For anyone researching a trip to a destination you haven’t paid a visit to before it’s worth reading some trustworthy local recommendations. Alaska is known as a travel destination where the question of ethical tourism and hospitality is crucial. Travel specialists are interested in Alaskan holidays as a result of status as being a versatile destination.

A Visit To Alaska



Sometimes obtaining localized headlines is a lot more practical than thorough pamphlet descriptions. An alternative short point of view appeared and the team thought it was worth sharing. The thing that seems to get noticed are unique stories that feature the topics people care about. This content is focused on points that matter for people researching going to Alaska.

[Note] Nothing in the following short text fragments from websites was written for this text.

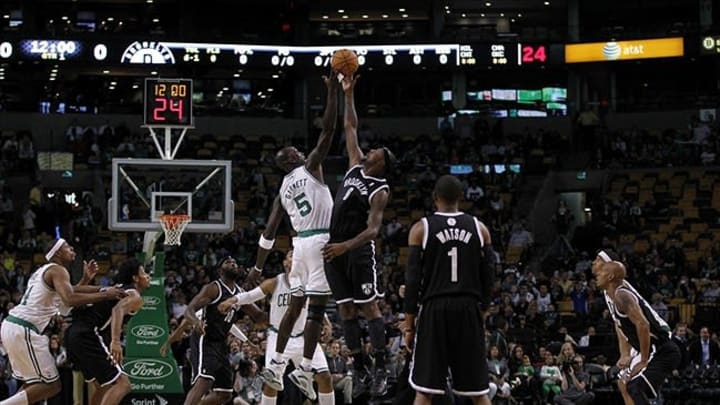 Oct 16, 2012; Boston, Massachusetts, USA; Boston Celtics forward/center Kevin Garnett (5) and Brooklyn Nets forward center Andray Blatche (0) battle for the tip off during the first quarter at TD Banknorth Garden. Mandatory Credit: Greg M. Cooper-USA TODAY Sports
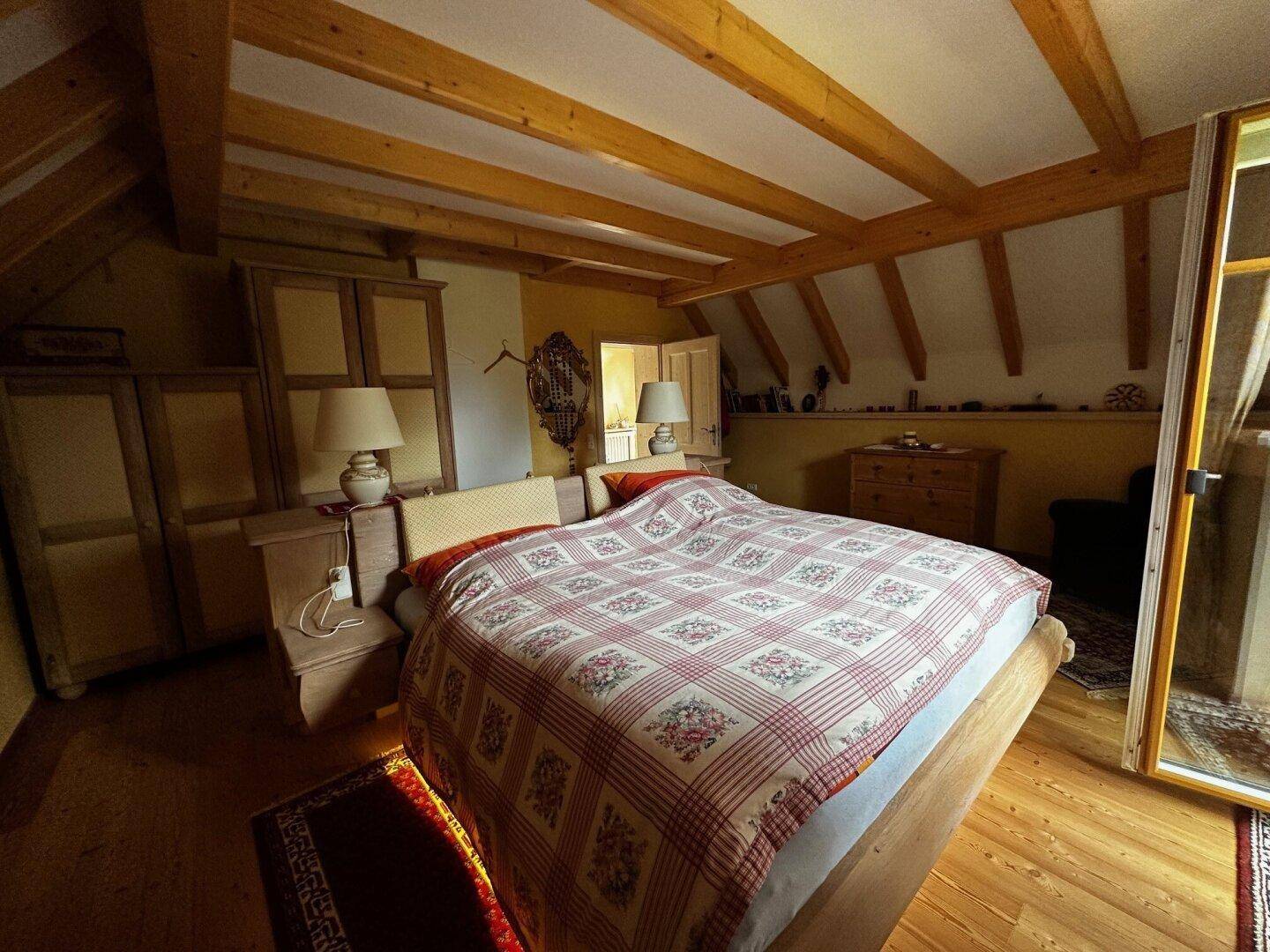 Helles Schlafzimmer mit Holzbalkendecke, Doppelbett und Zugang zu einem Balkon, mit Holzboden.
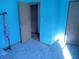 A simple bedroom with an open doorway, light blue walls, and blue tile floors at 1835 Carpenter Cir, Indianapolis, IN 46203
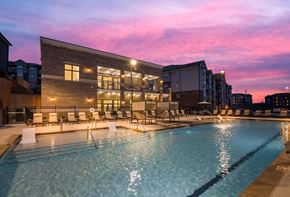 Huntersville apartment for rent - A large swimming pool in front of a building with a sunset in the background.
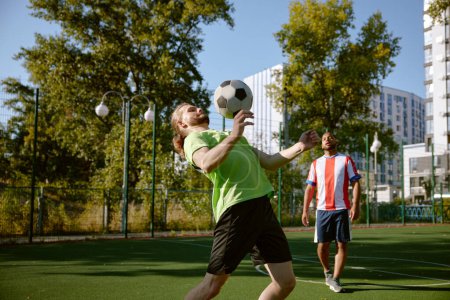 Photo for Male football player hitting ball with his chest training at street soccer field. Outdoor sport hobby activity for adult people - Royalty Free Image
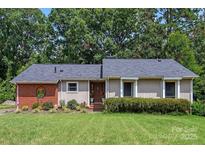 Charming ranch-style home features lush front lawn, mature trees and updated landscaping with detailed masonry facade at 5922 Sullins Rd, Charlotte, NC 28214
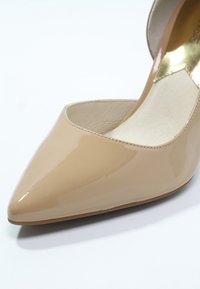 Escarpin en cuir verni beige avec un bout pointu et un design dégagé. Texture lisse avec un léger éclat, doté d'une doublure intérieure beige.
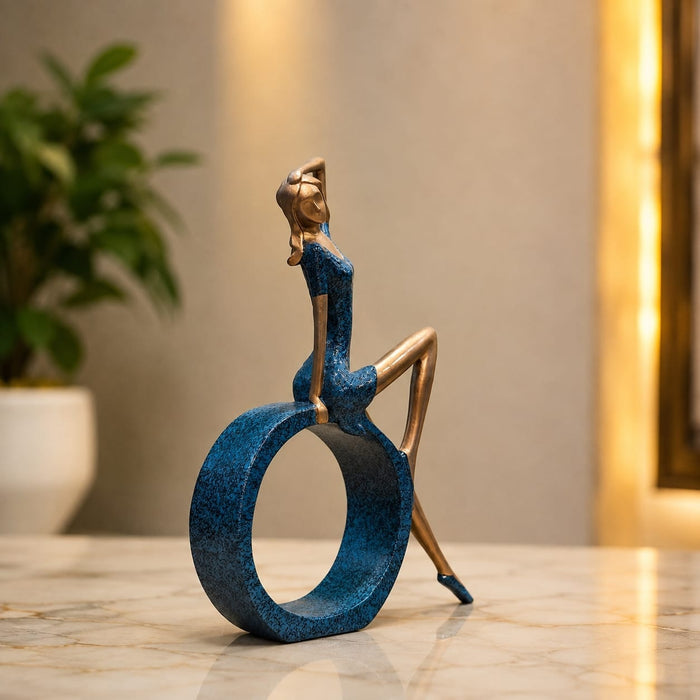 Three-quarter perspective angle view showcasing dynamic form and balanced proportions of Modern Abstract Blue Woman on Ring Resin Sculpture (11.5 Inch)
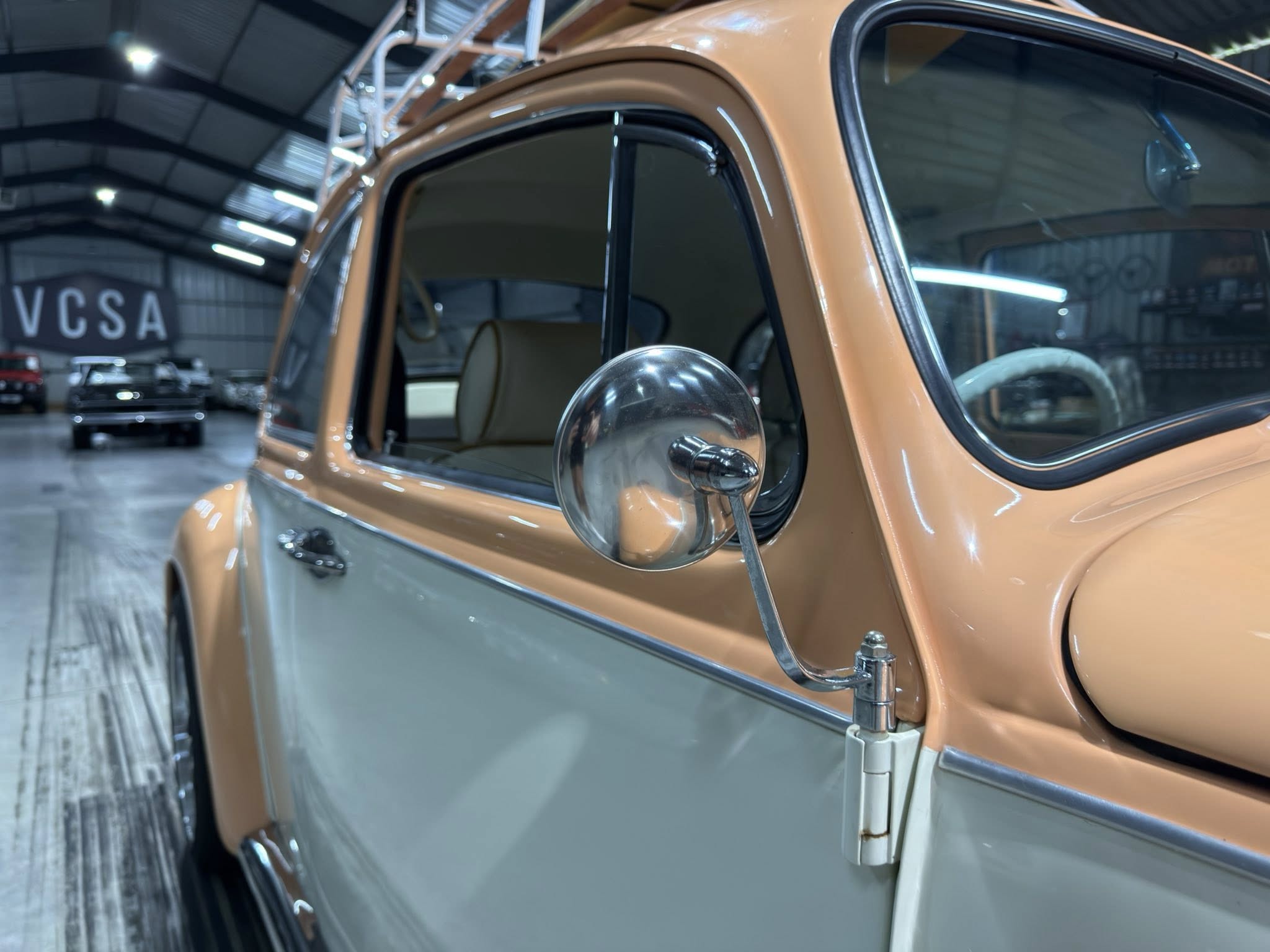 Close-up of a vintage orange car door and side mirror in a showroom, with a blurred VCSA sign in the background.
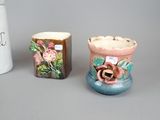 three vases that are sitting next to each other on a table
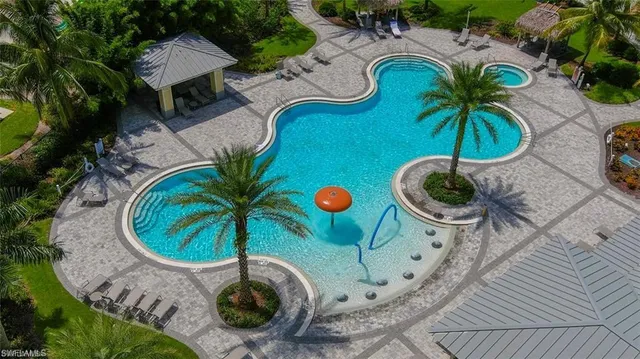 an aerial view of garden space with swimming pool and outdoor seating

Mountain Lions in Alaska: – The Alaska Life

was written by Marty Moffat , 2019-11-12 17:54:43

be sure to visit their website, source link is at the end of the article

Great Cats in the Greatland

By: Mike Rogers

The posting in a local Facebook group caught my attention, “BEWARE! There have been several reports of a mountain lion near the Bluff Cabin Trail…”. It was one of several reports in the Delta Junction area of a mountain lion in recent weeks, a trend that goes back for several years. Mountain lions aren’t historically native to Alaska, although the cats may be looking to change that in the future. 

Photo by: Chris Parker

The history of mountain lion sightings in Alaska is a little complicated. A rash of sightings in Cooper Landing in the 1980s turned out to be a large yellow dog. Multiple reports of mountain lions every year turn out to be lynx. Well-meaning folks misidentify animals all the time due to poor lighting, fleeting glimpses and just unfamiliarity. However, with animals there are always a handful of reports that aren’t easily dismissed. Experienced outdoors folks who know local fauna, like a Tok hunting guide reporting a lion sunning on a rock or a Delta trapper seeing one at 30 yards in his backyard.

That’s not to say there haven’t been confirmed sightings with physical evidence in the past. In December of 1998, a trapper caught one in a wolf snare on South Kupreanof Island and in 1989 a mountain lion was shot near the town of Wrangell. Both of those places are in the temperate Southeast portion of the state just west of known established populations of mountain lions in neighboring British Columbia. A curious cat roaming down one of the major river drainages isn’t that unthinkable.

Photo from the National Park Service.

There’s good precedence for that. In the lower 48 states, mountain lions are repopulating eastern states at something of an astonishing rate. A mountain lion struck by a car in Connecticut in 2011 was one of a number of cats with a genetic profile in a South Dakota study and a GPS collared mountain lion roamed from the Black Hills clear into central Missouri in a matter of weeks. Mountain lions hadn’t been seen in Tennessee since the early 1900s and now since 2015, confirmed sightings extend across the state.

While Americans tend to think of the mountain lion as a N. American species, the big cat has the largest range of any terrestrial animal in the Western hemisphere spanning 110 degrees of latitude- from the Yukon to Patagonia. The species has a remarkable ability to adapt to nearly any environment from rocky deserts of California and New Mexico to Florida swamps through the jungles of Central America. In Canada, the cats are migrating north in the Yukon and thought to be paralleling the movements of deer herds. 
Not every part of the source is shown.